Profile photo of John Ward
Member

Yes – you are working that account well, John, but, as I thought, at the cost of keeping a high average balance in the account. Very few people could [or would] do that which is why the banks have been pushing these packaged accounts as they expect to make money out of them.

I assume you are taking advantage of the fringe benefits on the account to effectively neutralise the residual £4 monthly charge [car breakdown cover, travel insurance, etc].

I agree with you that ISA yields are derisory and I wonder why they even exist given the new savings interest personal allowance.

Member
Panicos Nicolaides says:
9 October 2016

Panicos Nicolaides: I have a Nationwide FlexPlus packaged current account and a benefit you don’t mention in your October report is the facility of drawing cash from ATM’s anywhere in the world in local currency without any cost in commission charges or fees. As I spend a lot of time abroad, this is most valuable to me and the exchange rates are most competitive.

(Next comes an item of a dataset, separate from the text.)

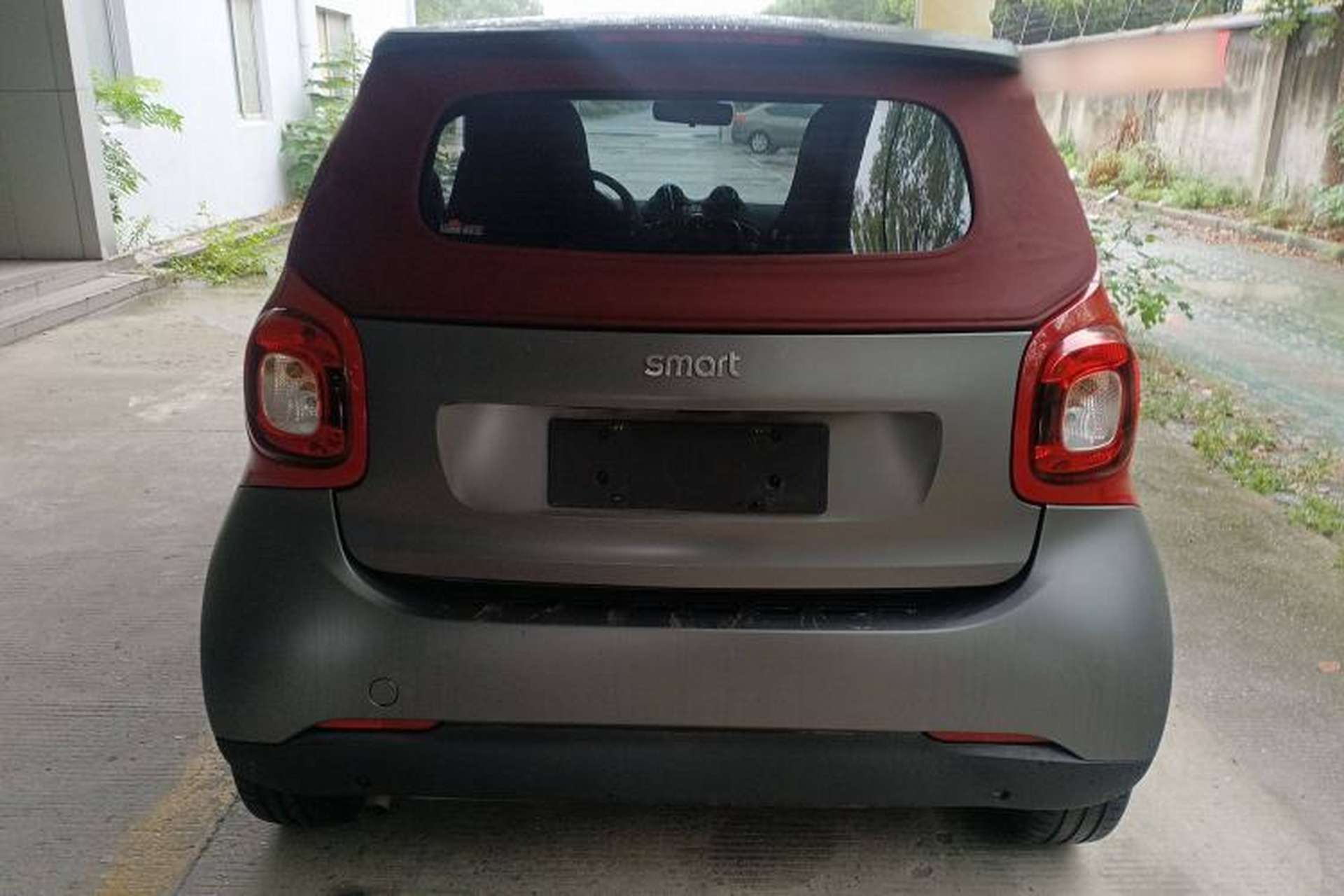 Used smart fortwo 2018 1.0L 52kW Convertible Passion Edition China V Standard Rear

Profile photo of John Ward
Member

That is a good point Panicos. The equation will be different for each customer and those that can use most of the benefits should be in pocket at the end of year. I assume you have calculated that your savings on overseas cash withdrawals [and from any other benefits you avail yourself of that are not included within ordinary accounts] compensate you sufficiently for the monthly charges for running the packaged account. For example, free foreign travel insurance is included within certain current accounts where there are no service charges [although there might be a minimum monthly deposit requirement].

Profile photo of PanicosNicolaides
Member

John W. Yes, I’m at least £150 better off per annum with just the foreign cash withdrawals.

Profile photo of John Ward
Member

That is good, and I am glad the packaged account works for you. I expect you are one of the leading beneficiaries.

Member
Phil Ellaway says:
22 April 2017

I was paying Lloyds £25 a month for my Premier account, which gave me AA cover, mobile phone insurance, and travel health insurance for Free?.
I just complained and got over £5000, and signed up with Start rescue a Which service of the year in 2016 for £35, i’m not bothering with the phone and travel insurance, we don’t use it; and if we do we shop around.